= James Thorpe (TV producer) =

James Thorpe is a Canadian television producer and television writer.

==Career==
James Thorpe began his career writing, producing and directing series and special programming for several television stations in Canada. He received international acclaim with over 35 awards for writing and producing (International Film & TV Festival of New York Award, the Can-Pro Award, and two international BPME Awards (Broadcast Promotion & Marketing Executives)).

Later Thorpe worked for CBS Television Network in the United States. He wrote and produced campaigns for such popular television programs as Murder, She Wrote, The Cosby Show, Murphy Brown and many others. During his five years at CBS, Thorpe received numerous awards, including three Emmy Awards, six Telly Awards, five Beatty Awards, two International Film & TV Festival Awards, and the Clio Award.

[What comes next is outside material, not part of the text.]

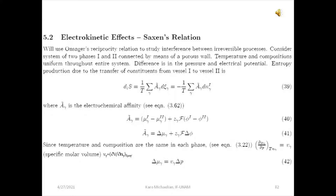In this section, section 5.2 of the book of Prigogine, we are going to consider the interference between some different irreversible processes. The case we're going to study here is related to electrokinetic effects. This is the case in which we have interference between two irreversible processes: one is due to the flow of matter because we have an electrical potential over the system and the constituents are charged, and the other is due to the flow of matter because we have a pressure difference maintained between the two systems which are in contact.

After moving to Los Angeles, he focused solely on script writing. He worked for the Warner Brothers Studio. Since then, he is writing and producing in North America and Europe for both film and television, including series such as Outer Limits, Highlander, The Lost World, Queen of Swords, Relic Hunter, Adventure Inc., Young Blades, The Jane Show, Flash Gordon, Wild Roses and Sanctuary. He also wrote a novel in a new mystery/detective series.